[Opening Stored data section]

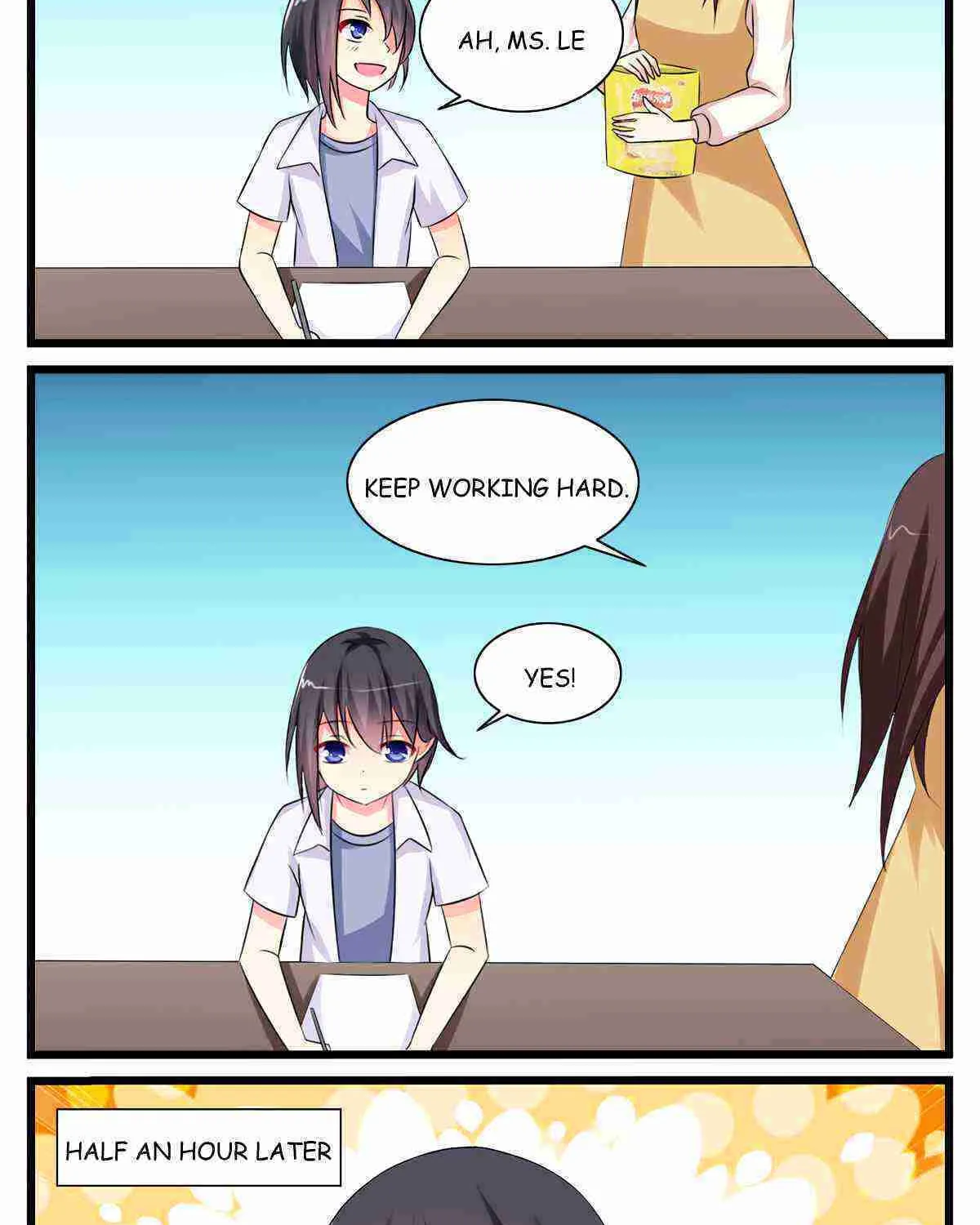 I Love BL Comics Chapter 5 page 3 - 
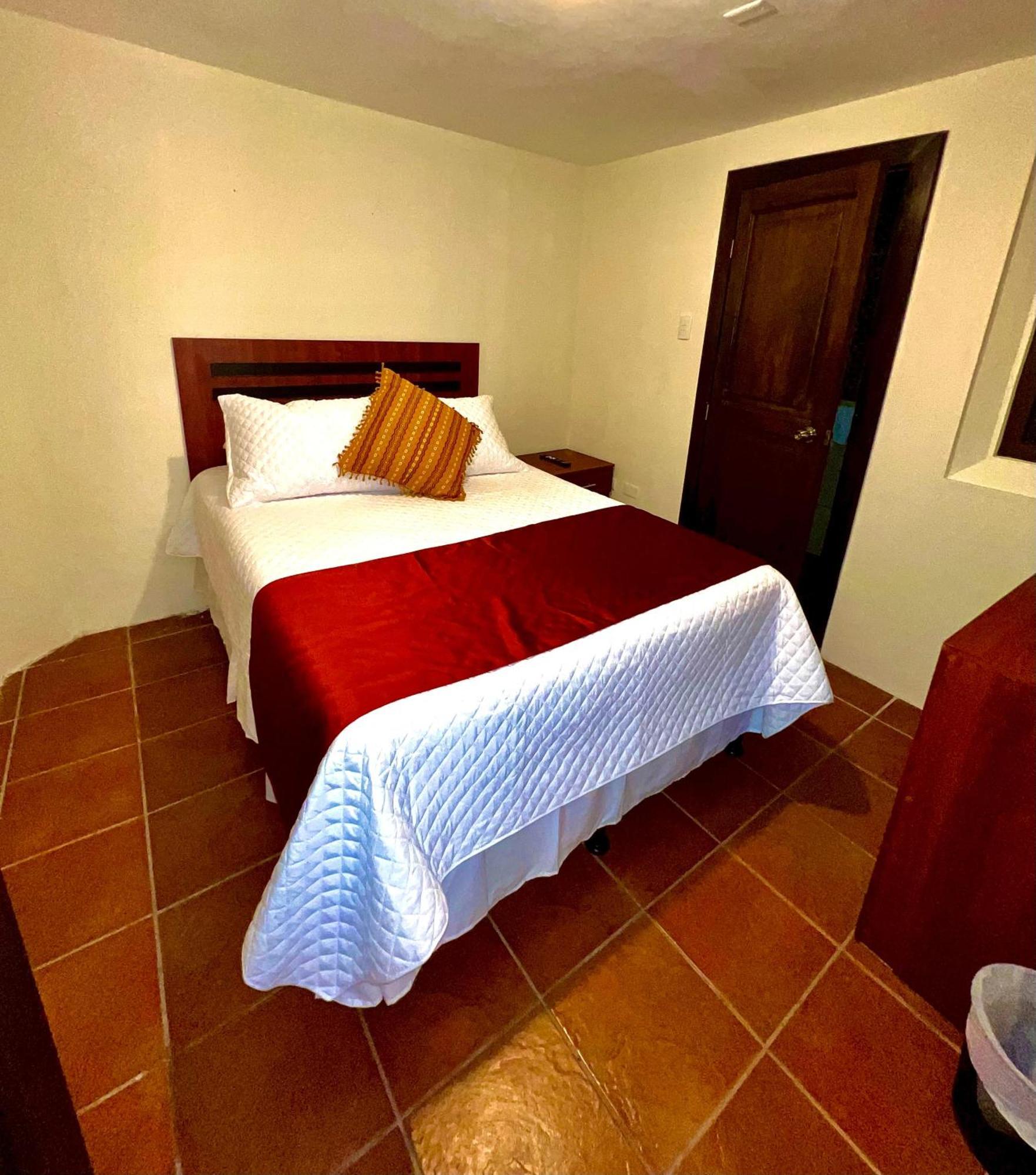 Hotel Posada Casa Santorini Antigua Exteriér fotografie
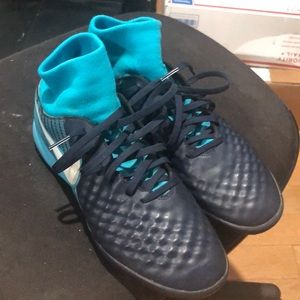 Size 7 Indoor Magista shoes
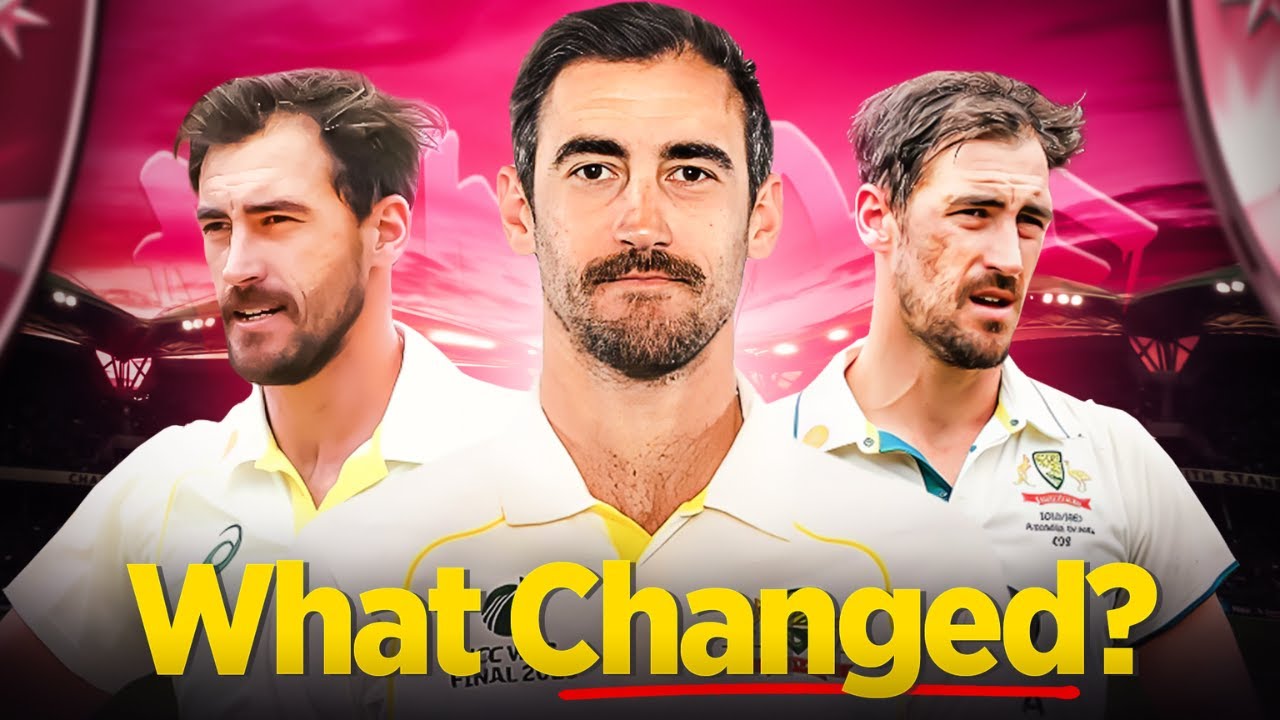 How Mitchell Starc Is Single Handedly Winning Australia The Ashes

[Closing Stored data section]

**Activity**
Whenever you reach a picture, pass over it; print all the other material exactly.

**Response below**
 I Love BL Comics Chapter 5 page 3 - 
 Hotel Posada Casa Santorini Antigua Exteriér fotografie
 Size 7 Indoor Magista shoes
 How Mitchell Starc Is Single Handedly Winning Australia The Ashes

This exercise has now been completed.